To make matters worse, the German has been booed at various races since an incident at the Malaysian Grand Prix when, having been told to hold station behind his teammate Mark Webber, he mounted an attack and overtook him for the win.

That initial outburst and one that followed in Canada have been attributed to unsportsmanlike behaviour. However, subsequent heckling, at both Monza and Singapore, has also been seen as a reaction to Vettel’s dominance of the sport.

In Singapore last month, the 26-year-old German was a lap quicker than his rivals.

Such a dominant display prompted Mercedes’s Lewis Hamilton to suggest after the recent Korean Grand Prix that Vettel’s success was sending some fans in Europe, who got up early to watch the Asian races, back to bed because they already knew who was going to win.

Shaikh Salman’s predecessor at the BIC, Martin Whittaker, now running a sports and business consultancy operation in the kingdom, remains close to many of the movers and shakers in the sport and reckons it has been a ‘pretty impressive season’ so far.

“It’s marked by three things in my opinion,” he said. “One, the performance of the Infiniti Red Bull car during the last five races, two, Vettel’s sheer driving discipline behind the wheel and, thirdly, the slightly unfortunate situation with Mark Webber. He didn’t need to do that to Webber. Those are the stand out points for me this season.

“It’s not so much Vettel and Red Bull, it’s about the rest of the teams playing catch up. There is no doubt about it, a lot of people are beginning to turn off but we can’t blame that on Vettel and the team.

“I like Vettel, I think he has been a breath of fresh air over the last few seasons and he is an inspiration to young drivers.

“He is a very special guy. He is a young lad who got to where he is by having a prodigious talent.”

When Vettel addressed the issue after Singapore, he said: “Some people like what we do, some people don’t. If they boo, it’s a compliment – that’s the way I take it, they are jealous because I win. As long as they keep booing we’re doing a very good job, that’s the way I see it.”

Red Bull principal Christian Horner recently painted a different picture. “He’s a human being, he’s 26 years of age and is travelling around the world on his own. He doesn’t have a big entourage of managers and press advisers and gurus, it’s him and his trainer and he’s a young guy.

“When you get a negative reaction when you have driven your heart out, no matter what he says, of course you feel it. I think it has been hugely unfair, because I don’t think it has been justified.

“Our target is to try to carry this momentum into the last four races.

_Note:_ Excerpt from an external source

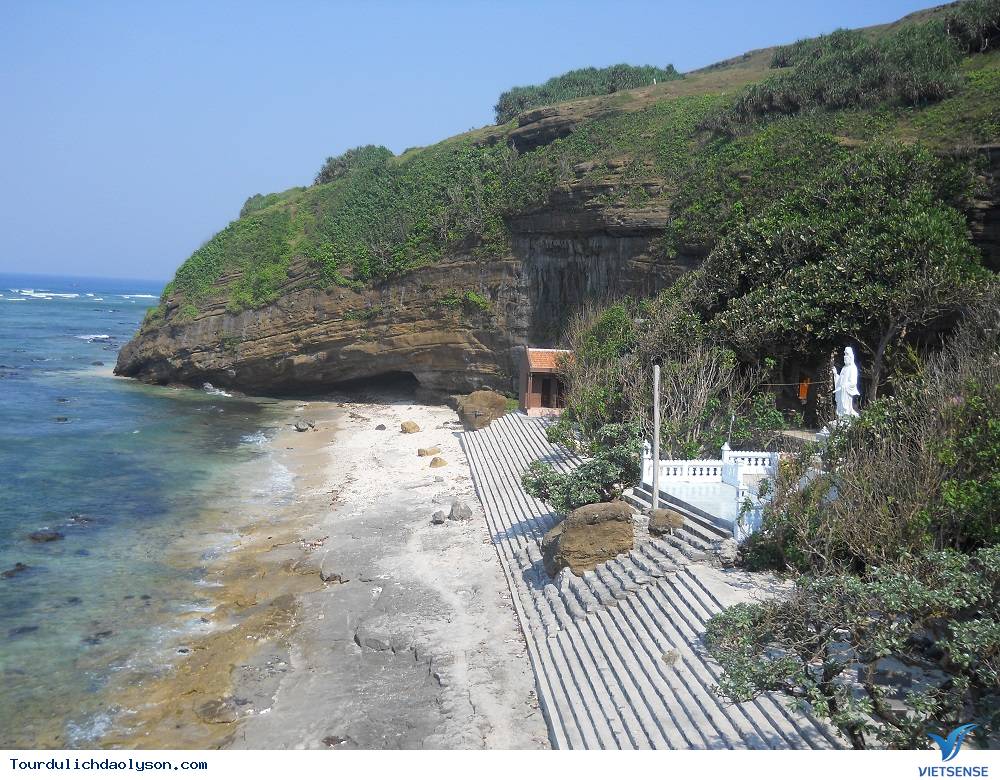 Ngôi chùa trong vách đá chỉ có tại đảo Lý Sơn - Ảnh 2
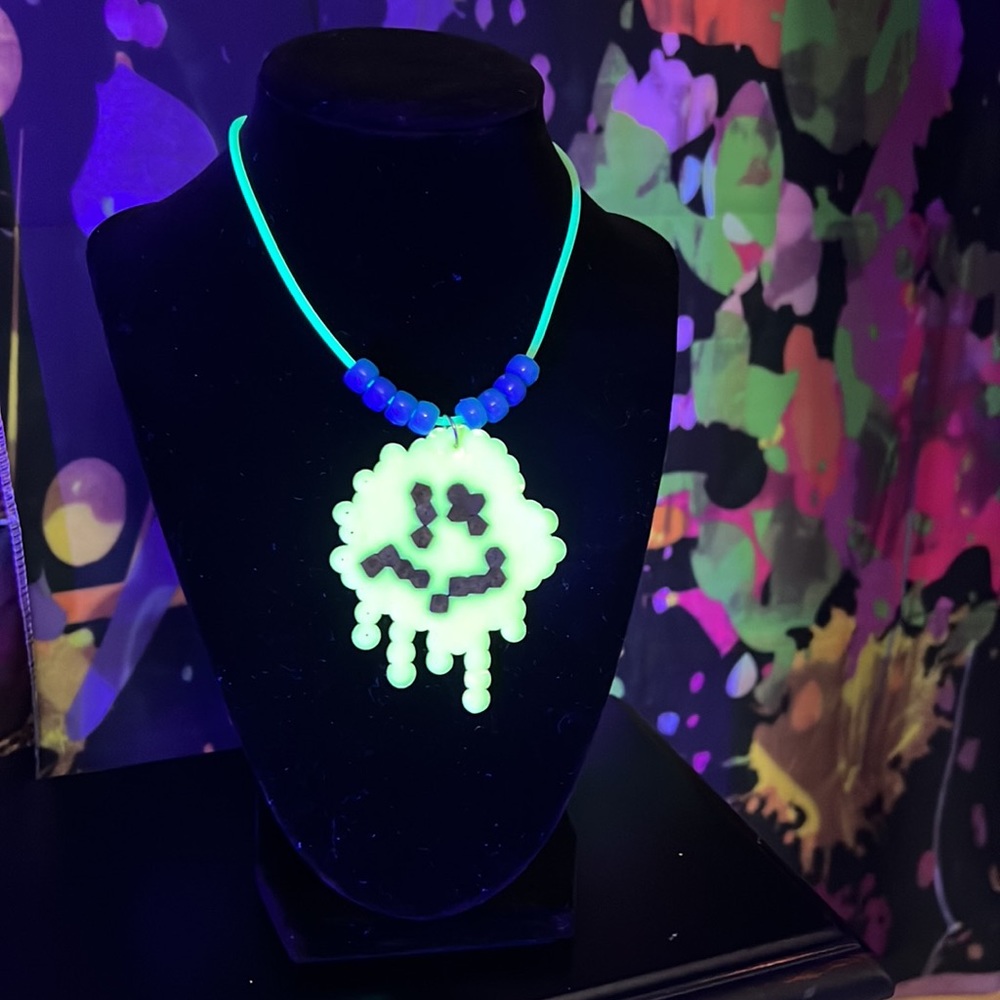 Unisex Rave Necklace - Picture 4 of 7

I don’t think any of us could have imagined that he would have had the run of success that he has. The way he’s driving at the moment is quite supreme.”

The sport has seen it all before, when another German was behind the wheel and won seven championships.

However, many sports analysts believe he will crush Michael Schumacher’s record … the big question is, will all the fans stay on-board to witness it?